Well, Caleb hasn't quite gotten with the capatalist surge toward Valentine's Day. I think the child is living in a perpetual state of Christmas-ness (Well, a lot of our neighbors DO still have their lights up...)


I had no idea he knew any Christmas carols. The other day we were walking through Carytown and he spontaneously started singing, "Jiggy Balls, Jiggy Balls, jiggy all the way..."


Yeah! Now THAT'S the kinda Christmas I'm talkin' about!

Thursday, January 8, 2009

grocery store therapy


Today I took the boys to Whole Foods. I don’t shop there much. It’s all the way across town and expensive. But today I needed a little grocery store therapy. My heart felt very tired and I guess I needed a pick-me-up.

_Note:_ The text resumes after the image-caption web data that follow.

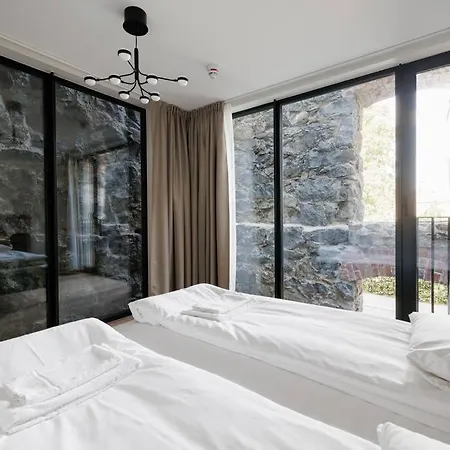 Apartment Brand New Amidst Ancient Ruins Oasis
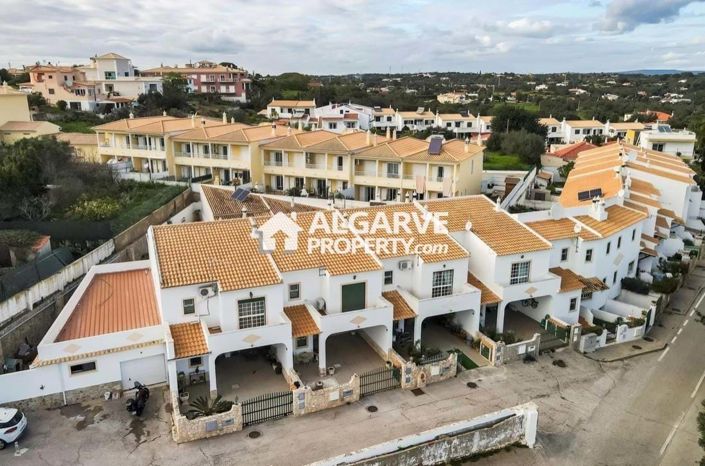 Image No.36-3 Bed Townhouse for sale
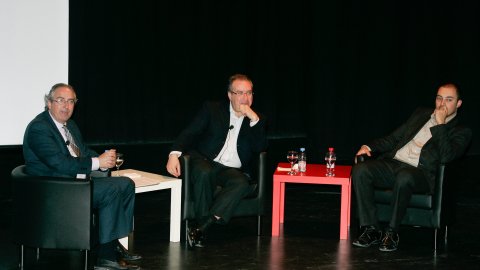 Conferència Premsa i Comunicació al nostre país, amb Josep Cuní i Saül Gordillo, moderada per Carles Dalmau, al teatre La Massarella. Sant Boi de Llobregat. 21 d'octubre de 2009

There is a silence in me these days—the kind of silence that comes when there’s an area of my life in serious un-balance, but it’s not quite time to right it. It’s time to let things settle, time to carefully, slowly choose the next step. Time to rest in the in-between. Which can be such an uncomfortable place. Which is why I needed a chocolate croissant. And about eighty-eight dollars worth of other comforting food items.

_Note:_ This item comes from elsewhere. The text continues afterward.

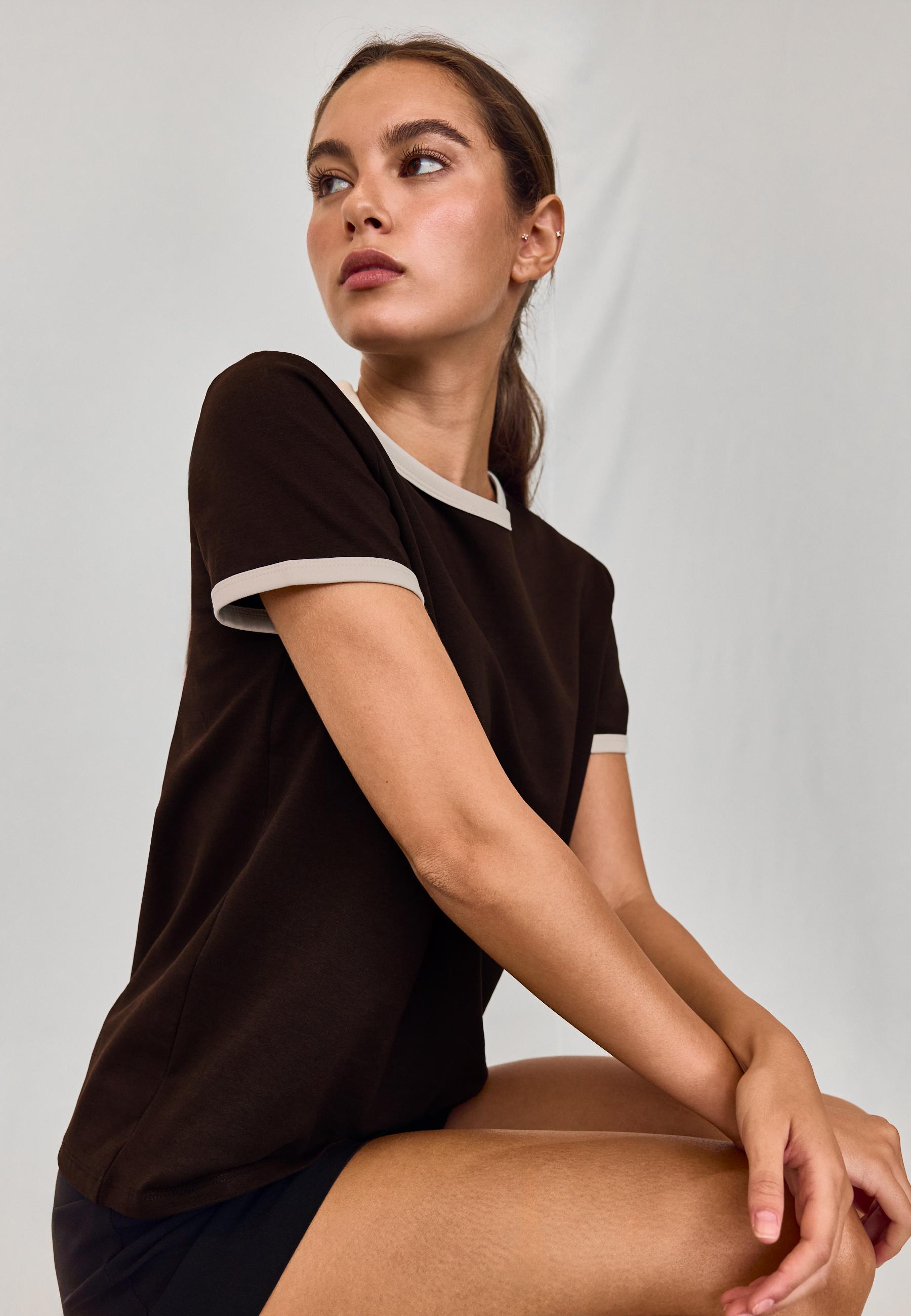 B02 Soft-touch regular basic T-shirt — Brown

The boys were a dream in the store. The baby slept in the sling and Caleb sat in the cart and protested only once, when it was taking me an excruciatingly long time to select salad dressing. I settled on a Thai ginger lime vinaigrette. It sounded so good I almost wanted to drink it.

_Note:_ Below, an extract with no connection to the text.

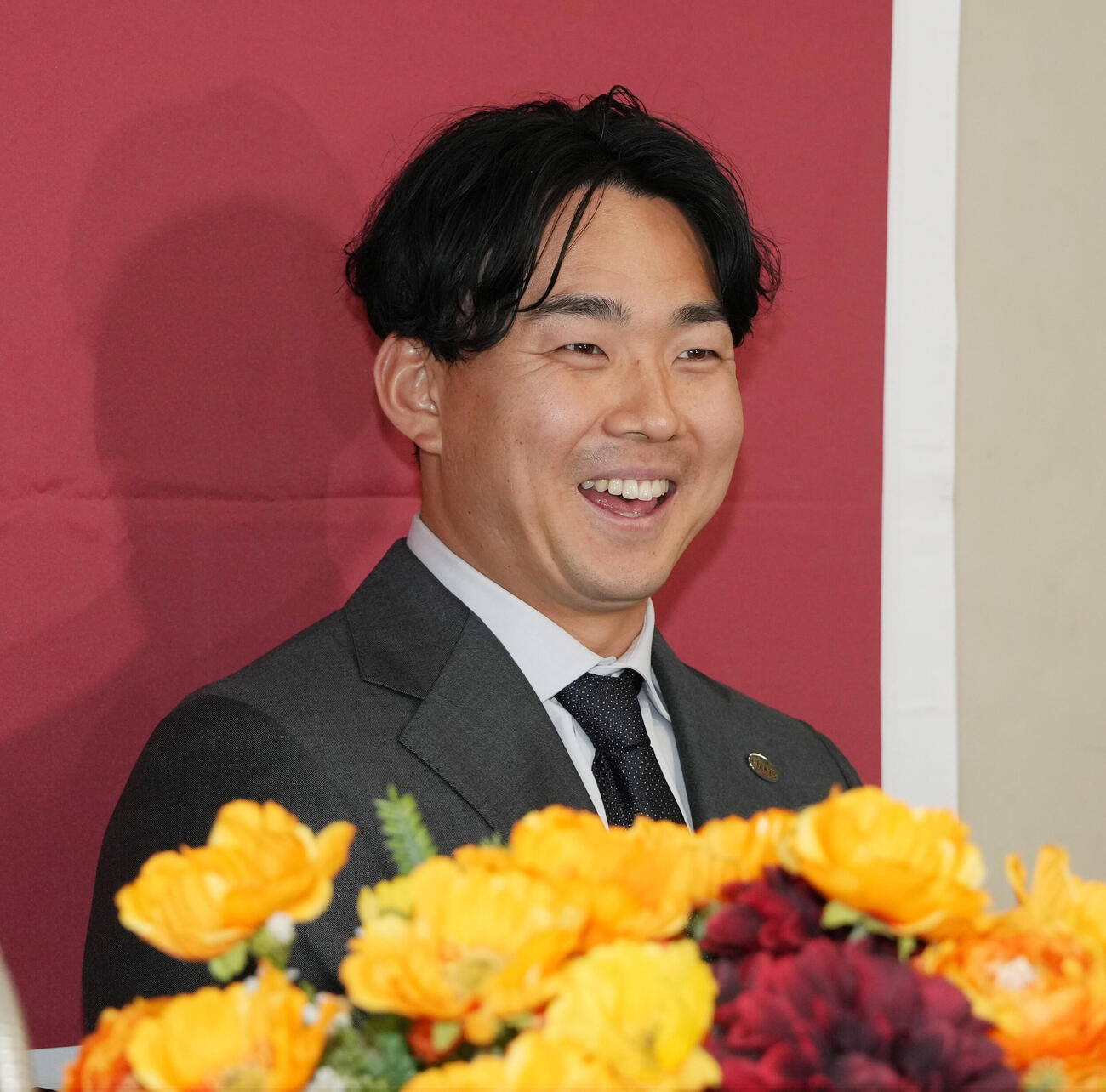 巨人入団会見で笑顔を見せる小笠原慎之介（撮影・小島史椰）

I made my way leisurely. Two Satsuma tangerines. Two Honeycrisp apples. Six Shitake mushrooms. A not-yet-in-bloom purple hyacinth. I was trying to forget the sadness in my chest.
“Owie?Owie?Owie?Owie?Owie?Owie?” Caleb asked, as we passed a couple dozen cacti for sale. “Yes, Buddy. Owie…” I said quietly, repeatedly, distractedly.

Friday, January 2, 2009

Tavish, just days old

My dark-haired prince,
you have
the cutest dimpled chin.
And the ripe berry of your mouth
hangs so delicately, deliciously
open when you sleep.
Your eyes flutter as if winged,
the poem of your tiny hand unfurls and
I am taken, never so taken.






These are the good ol' days

We took down the Christmas tree yesterday, and while I was happy to take it to its final resting place next to the trashcans in the alley, I was a little misty-eyed when my husband put these ornaments away. These ornaments are the kinds of things that just warm my sorta corny, sorta sweet Chicken Soup for the Soul heart. I hope I have them forever. I hope when I am an old lady I get to sit in the dark soaking in the sight of the lighted tree, my babies' handprints and footprints all through the branches.

I loved making these ornaments with my friend, Gina, without whom I probably wouldn't have them. It's always nice when you suggest to a friend that you get your kids together to make a craft and then that friend basically ends up doing all the work (the next one's on me, Gina, I promise!).

Activities like making no-brainer ornaments make me remember that it is indeed true when people say having a second kid makes everything exponentially more complicated. You wouldn't think mixing some flour, salt, water and food coloring together, then smushing it into a pancake into which you press a kid's hand or a baby's foot would be that big of a deal. Or an all day affair. Until you take into consideration that I had an easier time with Calculus than I do figuring out how to get a few minutes to myself in the bathroom some days.

Yet, somehow, when you get a gaggle of kids together in a room with a couple of moms, amazing things can transpire. Like actually taking a task from beginning to end on the same day. And capturing the tiny foot of a baby and a hand of a boy who, though they seem they'll be little forever and I'll never get a damn thing done as long as I live, will be grown and out of the house all too soon, leaving me with plenty of time on my hands to recall--and miss--the good ol' days.